Muitos resistirão em atestar a singularidade extraordinária de Messi tão categoricamente como faço aqui. Vão usar e abusar da velha mania nostálgica e romântica do futebol de tempos que passaram. Ou talvez relativizar, referindo-se a tempos em que a preparação física era menos avançada. Ou até dizer que é ele só dá resultados jogando pelo Barcelona.

Talvez não tenham entendido até agora que esse jogador já quebrou e continuará quebrando os principais paradigmas dos grandes de sua geração. Estes podem ser ótimos atletas, mas muito menores que o comportamento, dentro de fora de campo, do grande craque.

Esse jogador — recuso-me a falar seu nome em respeito ao próprio leitor – não precisou abusar de sua fama, nem se tornou mais um mesquinho que se considera maior que a camisa que veste. É um gênio com a bola nos pés, mas principalmente em torno da coletividade da qual o futebol, é fruto e a serviço da qual existe. Nunca fez jogo de cena. Nunca se recusou a entrar em campo. Nunca forjou contato com outros clubes para barganhar melhores salários.

Hoje, há um time no mundo que pode se orgulhar de ter um semi-deus com seu manto. Apenas um. Só um, porque ele também se recusou a se entregar à velha mania de seus atletas, de usar o destaque momentâneo para trocar de clube e receber os melhores salários possíveis a qualquer custo.

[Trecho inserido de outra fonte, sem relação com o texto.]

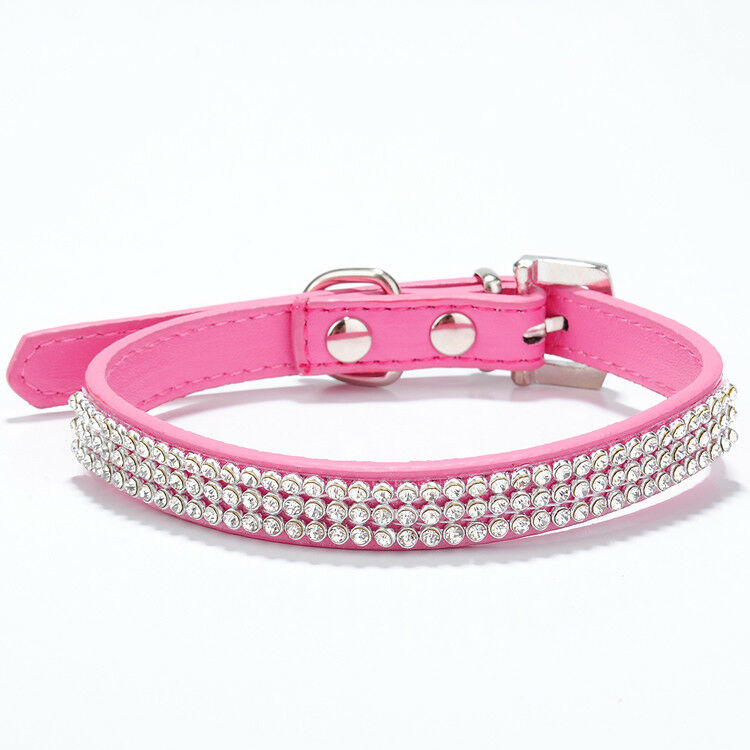 Pretty Diamond Crystal Rhinestones Leather Bling Collar for Dog Puppy Cat Kitten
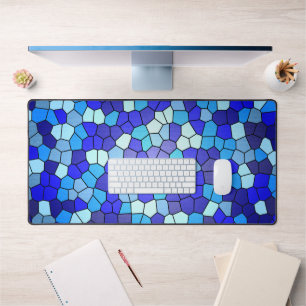 Shades of Blue Stached Glass von Shirley Taylor Schreibtischunterlage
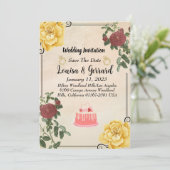 Einladung zur Vintagen Blumenhochzeit (Stehend Vorderseite)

Este craque excepcional é hoje unanimidade dentro de campo porque compreende que, durante quase dois séculos, muita gente trocou passes, chutou em gol, dividiu bolas e torceu tendões para alegrar as multidões apaixonadas pelo futebol. E é por isso que derruba todas as limitações conceituais, abstratas ou concretas, de ordem sociológica, antropológica ou filosófica, entre os conceitos de “futebol-arte”, “objetividade”, “trabalho em equipe”, “desempenho tático” e “futebol de resultado”.

Para ele, isso tudo é uma coisa só e, se é para fazer, que seja bem feito. Aliás, seja feito da forma mais bela e respeitosa possível. Que nos faça lembrar porque amamos esse jogo. Que nos faça esquecer, sem iludir nem alienar, tudo o que de errado e negativo tem acontecido no no futebol.

Também é o craque que, mesmo fazendo dois, três, até cinco gols (será possível?) numa única partida, ainda dá chance à humildade dizendo mais valeu a vitória dada a sua torcida.

Quando dizem que uma imagem diz mais que mil palavras, dá para considerar que o nome dele diz mais que mil gols e jogadas espetaculares que nos enchem os olhos. É por isso que terminarei o texto sem proferir seu nome. Só para nos dar a certeza de que sua existência é tão rara que deve ser valorizada a cada lembrança.

Durante anos, a imprensa esportiva profetizou sobre diversas falsas promessas que substituiriam os grandes nomes das décadas longínquas. Finalmente acharam o homem. O maior jogador de todos os tempos.